====== Data to use ======

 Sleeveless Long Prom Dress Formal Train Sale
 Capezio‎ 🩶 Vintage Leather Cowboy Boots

======
====== Data to use ======

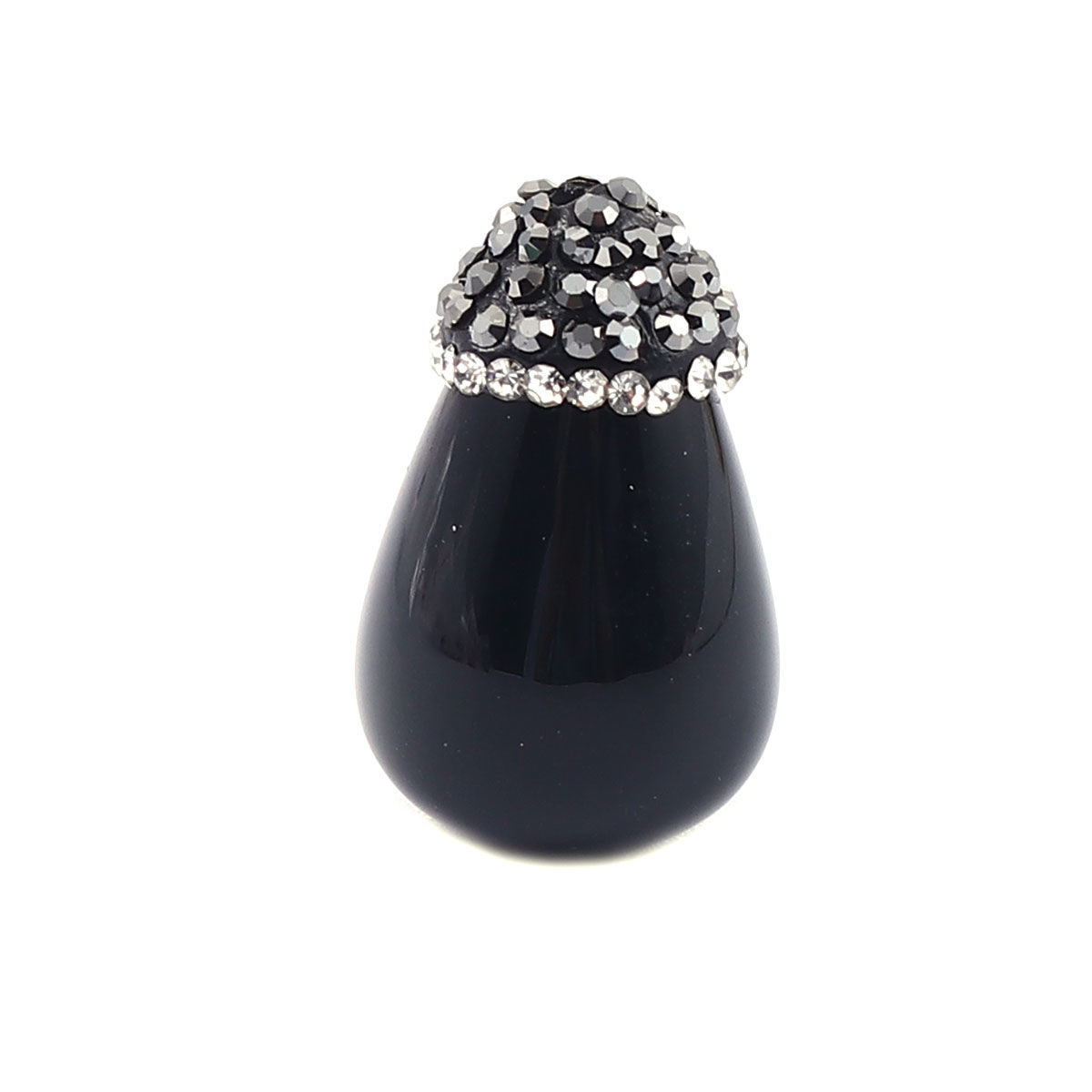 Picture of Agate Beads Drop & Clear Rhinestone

======

§ **Instructions for the task**
Out of the listing above, reproduce exactly the lines from the one with "Sleeveless Long Prom Dress Formal Train Sale" up to and including the one with "Capezio‎ 🩶 Vintage Leather Cowboy Boots".

§ **Task result**
 Sleeveless Long Prom Dress Formal Train Sale
 Capezio‎ 🩶 Vintage Leather Cowboy Boots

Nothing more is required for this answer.